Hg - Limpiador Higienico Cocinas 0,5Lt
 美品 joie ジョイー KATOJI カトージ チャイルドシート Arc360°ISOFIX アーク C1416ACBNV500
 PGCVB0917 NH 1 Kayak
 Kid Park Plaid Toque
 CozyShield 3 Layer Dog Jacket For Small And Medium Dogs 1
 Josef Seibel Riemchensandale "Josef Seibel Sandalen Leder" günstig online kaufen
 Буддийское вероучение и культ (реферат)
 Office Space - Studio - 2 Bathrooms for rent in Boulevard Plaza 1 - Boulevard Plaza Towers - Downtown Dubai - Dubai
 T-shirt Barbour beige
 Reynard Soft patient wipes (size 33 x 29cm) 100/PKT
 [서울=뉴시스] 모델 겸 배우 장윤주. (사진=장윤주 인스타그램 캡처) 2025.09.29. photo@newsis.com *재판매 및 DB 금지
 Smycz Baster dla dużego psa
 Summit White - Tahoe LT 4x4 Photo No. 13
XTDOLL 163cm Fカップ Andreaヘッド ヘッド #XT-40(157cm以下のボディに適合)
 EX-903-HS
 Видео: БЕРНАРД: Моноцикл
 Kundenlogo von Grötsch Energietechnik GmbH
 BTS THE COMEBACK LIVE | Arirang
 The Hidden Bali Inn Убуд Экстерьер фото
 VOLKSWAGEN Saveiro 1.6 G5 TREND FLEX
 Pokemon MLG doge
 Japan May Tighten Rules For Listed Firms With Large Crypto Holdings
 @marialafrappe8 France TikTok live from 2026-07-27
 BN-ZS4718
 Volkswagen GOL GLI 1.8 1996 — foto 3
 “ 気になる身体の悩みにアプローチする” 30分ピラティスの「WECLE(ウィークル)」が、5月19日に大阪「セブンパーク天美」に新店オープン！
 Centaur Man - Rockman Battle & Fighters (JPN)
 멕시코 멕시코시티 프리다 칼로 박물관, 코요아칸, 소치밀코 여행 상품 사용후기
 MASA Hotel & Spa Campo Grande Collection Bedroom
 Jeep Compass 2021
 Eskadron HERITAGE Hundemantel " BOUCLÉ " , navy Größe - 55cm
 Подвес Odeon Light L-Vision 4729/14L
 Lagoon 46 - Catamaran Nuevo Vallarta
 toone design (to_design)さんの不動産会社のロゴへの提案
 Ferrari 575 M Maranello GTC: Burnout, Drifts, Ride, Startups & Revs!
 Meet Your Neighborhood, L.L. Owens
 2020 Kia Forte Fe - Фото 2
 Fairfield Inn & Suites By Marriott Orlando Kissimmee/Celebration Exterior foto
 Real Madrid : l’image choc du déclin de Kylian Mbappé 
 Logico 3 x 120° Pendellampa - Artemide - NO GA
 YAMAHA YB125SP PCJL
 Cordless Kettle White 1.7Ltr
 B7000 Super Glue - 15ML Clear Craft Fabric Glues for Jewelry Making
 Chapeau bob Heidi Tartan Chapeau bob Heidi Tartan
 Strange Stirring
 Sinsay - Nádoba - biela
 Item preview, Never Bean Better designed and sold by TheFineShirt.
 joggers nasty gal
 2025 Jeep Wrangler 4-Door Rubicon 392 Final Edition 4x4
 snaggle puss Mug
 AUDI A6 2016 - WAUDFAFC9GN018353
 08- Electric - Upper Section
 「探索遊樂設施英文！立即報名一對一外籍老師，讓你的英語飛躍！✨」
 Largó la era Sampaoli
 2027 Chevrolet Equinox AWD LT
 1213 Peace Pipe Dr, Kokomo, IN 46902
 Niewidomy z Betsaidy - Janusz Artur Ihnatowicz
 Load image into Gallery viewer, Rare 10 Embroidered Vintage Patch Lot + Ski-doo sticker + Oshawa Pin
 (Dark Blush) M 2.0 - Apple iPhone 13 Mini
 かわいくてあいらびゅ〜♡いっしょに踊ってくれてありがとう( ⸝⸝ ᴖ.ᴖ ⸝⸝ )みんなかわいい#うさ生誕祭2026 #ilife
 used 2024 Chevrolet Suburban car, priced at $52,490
^^^^^^^^^^^^^^^^
#### [TASK GOAL]
Starting from the top of the records and ending at the line that contains "Буддийское вероучение и культ (реферат)", repeat each line exactly and return only those lines.

#### [RESPONSE FOR THIS EXERCISE]
Hg - Limpiador Higienico Cocinas 0,5Lt
 美品 joie ジョイー KATOJI カトージ チャイルドシート Arc360°ISOFIX アーク C1416ACBNV500
 PGCVB0917 NH 1 Kayak
 Kid Park Plaid Toque
 CozyShield 3 Layer Dog Jacket For Small And Medium Dogs 1
 Josef Seibel Riemchensandale "Josef Seibel Sandalen Leder" günstig online kaufen
 Буддийское вероучение и культ (реферат)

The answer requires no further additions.